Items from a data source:

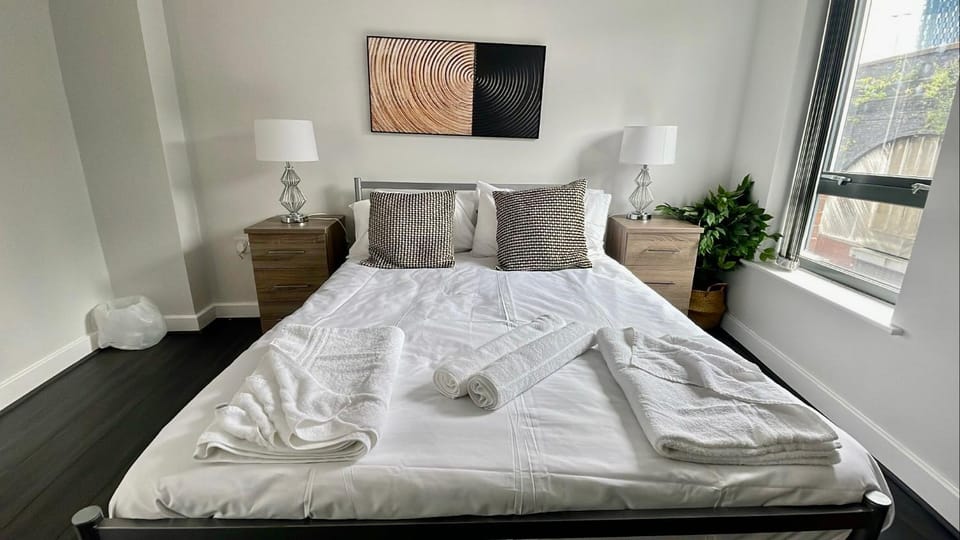 2 Bed Flat Near Deansgate Apartment in Salford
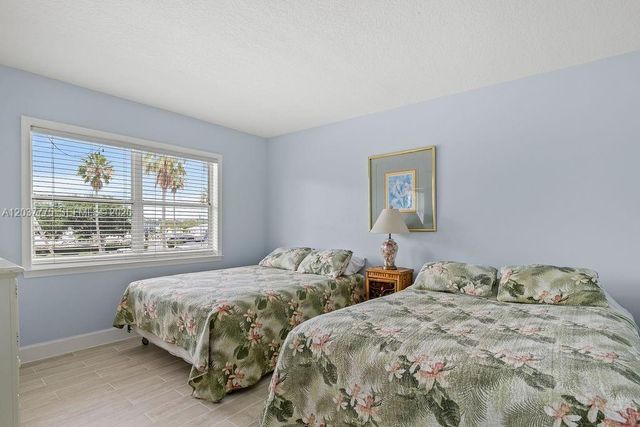 23 Royal Palm Pt B, Vero Beach, FL 32960
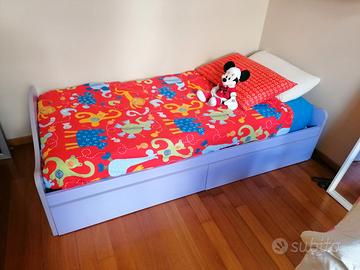 LETTO A CASTELLO CON CASSETTIERA E SCRIVANIA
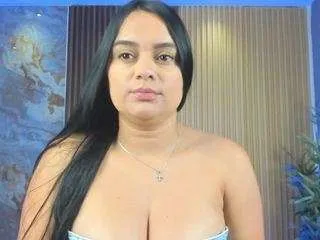 Freechat megancoxx on CamSoda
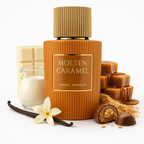 Molten Caramel von Paris Corner – geriffelter, karamellfarbener Parfumflakon mit goldener Kappe und Etikett, inszeniert mit Karamellwürfeln, weißer Schokolade, Vanilleschote, Milch und Pralinen auf hellem Hintergrund.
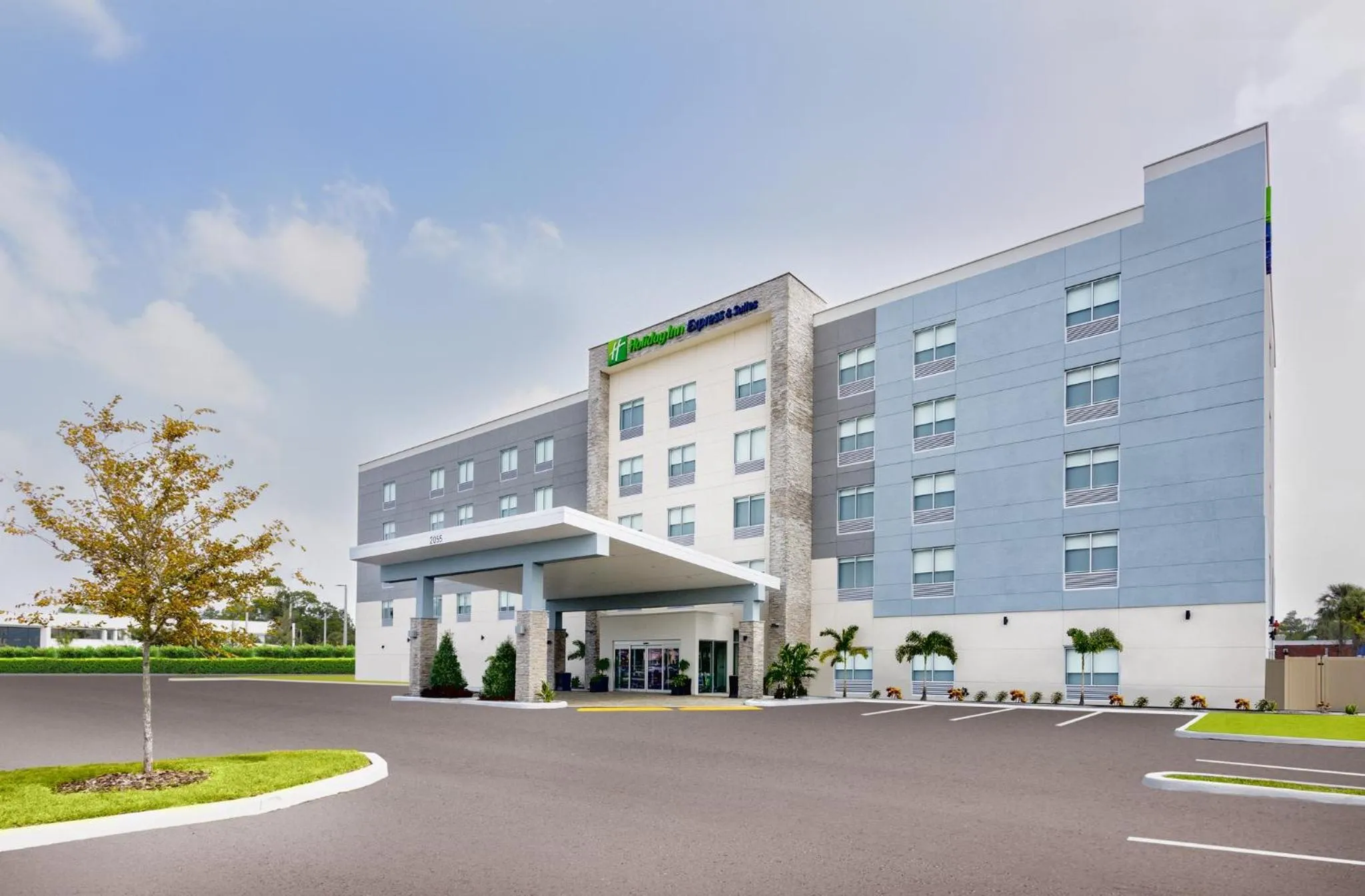 Property building in Holiday Inn Express & Suites Tampa Stadium - Airport Area by IHG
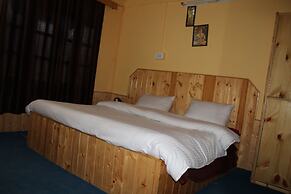 Apple Field House - Hotel in Old Manali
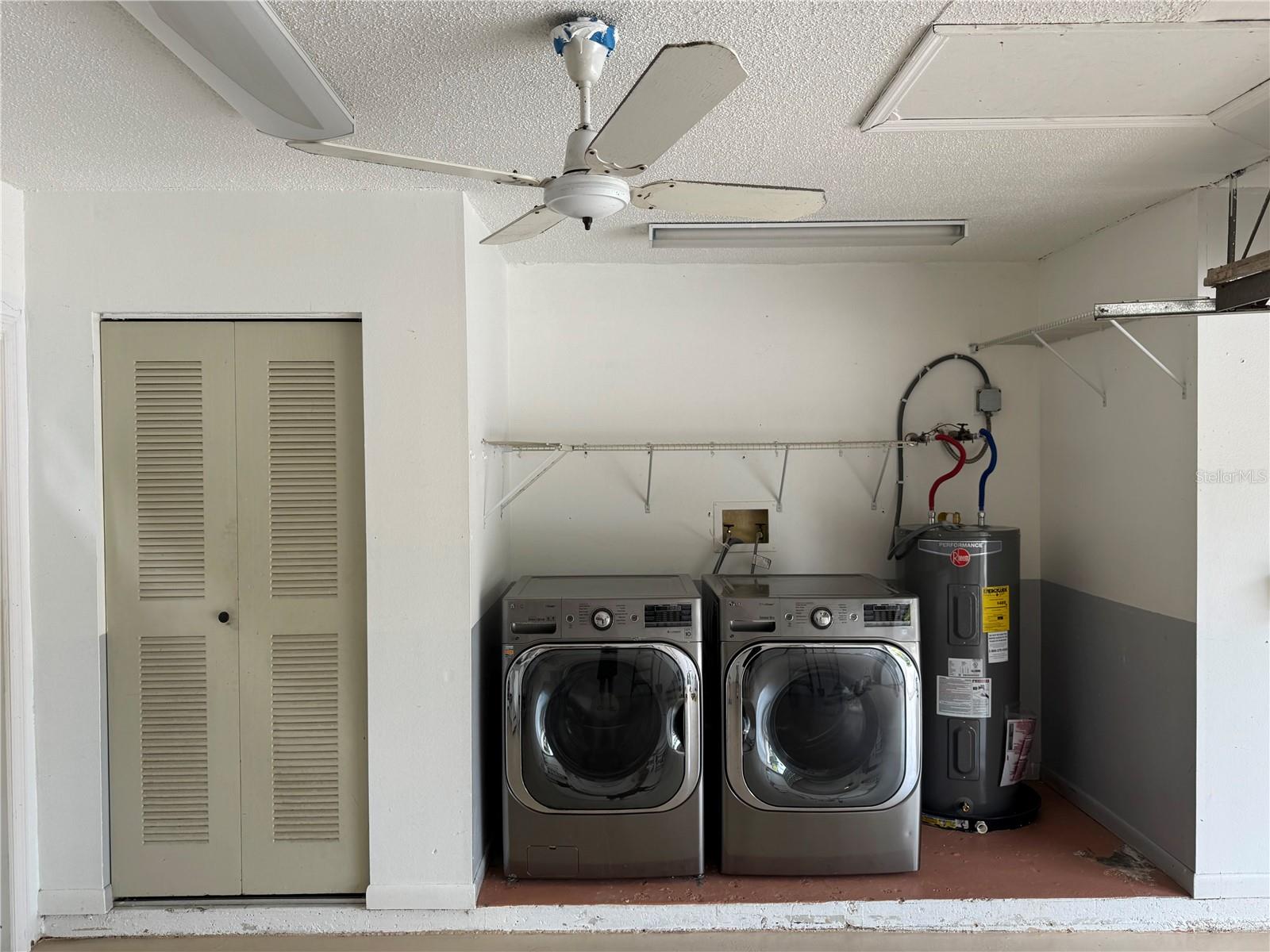 Image 23 of 26 For 2074 Dodge Street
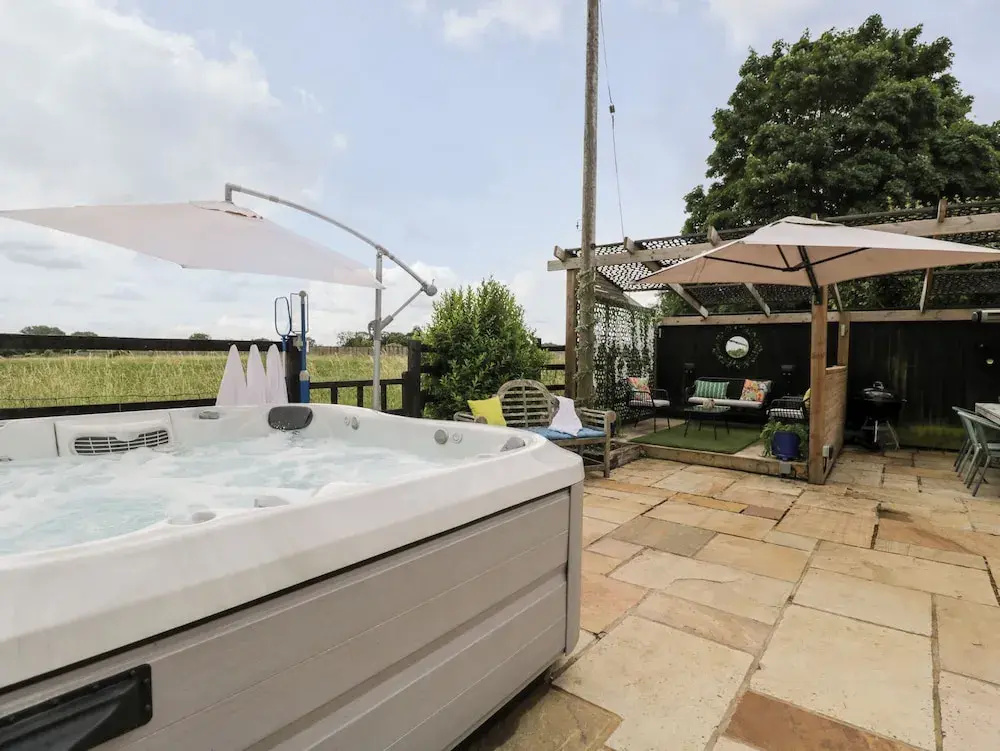 2 Dewars Farm Cottages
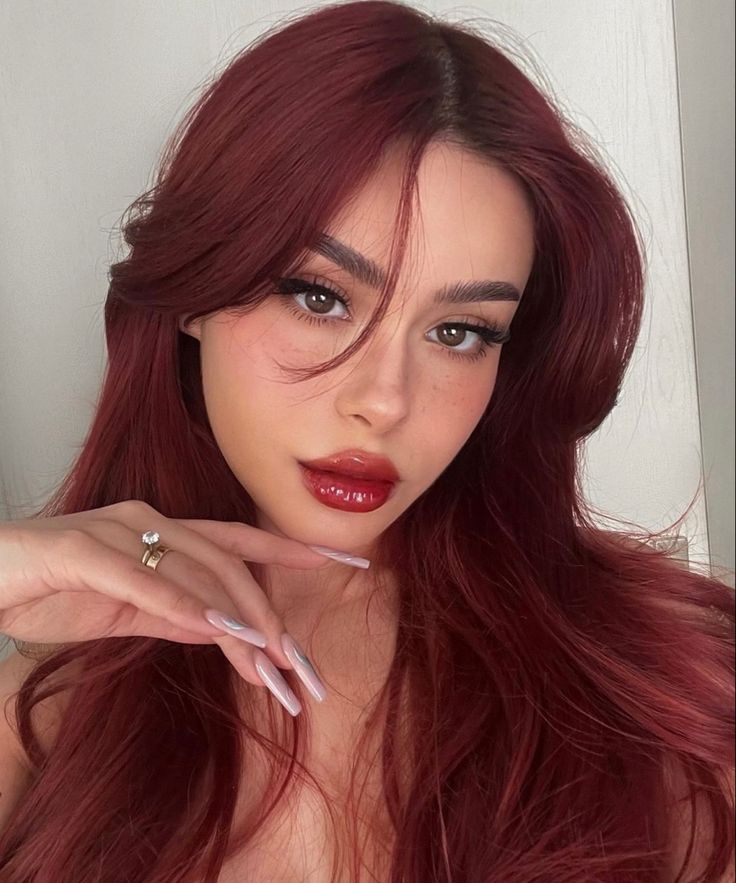 Red Hair Makeup, Cheveux Oranges, Wine Hair Color, Cherry Red Hair, Wine Red Hair, Wine Hair, Red Hair Inspo, Cherry Hair, Dark Red Hair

• PROBLEM TO SOLVE
Give back every entry in full, exactly as written, with no picture included.

• ANSWER SPACE
 2 Bed Flat Near Deansgate Apartment in Salford
 23 Royal Palm Pt B, Vero Beach, FL 32960
 LETTO A CASTELLO CON CASSETTIERA E SCRIVANIA
 Freechat megancoxx on CamSoda
 Molten Caramel von Paris Corner – geriffelter, karamellfarbener Parfumflakon mit goldener Kappe und Etikett, inszeniert mit Karamellwürfeln, weißer Schokolade, Vanilleschote, Milch und Pralinen auf hellem Hintergrund.
 Property building in Holiday Inn Express & Suites Tampa Stadium - Airport Area by IHG
 Apple Field House - Hotel in Old Manali
 Image 23 of 26 For 2074 Dodge Street
 2 Dewars Farm Cottages
 Red Hair Makeup, Cheveux Oranges, Wine Hair Color, Cherry Red Hair, Wine Red Hair, Wine Hair, Red Hair Inspo, Cherry Hair, Dark Red Hair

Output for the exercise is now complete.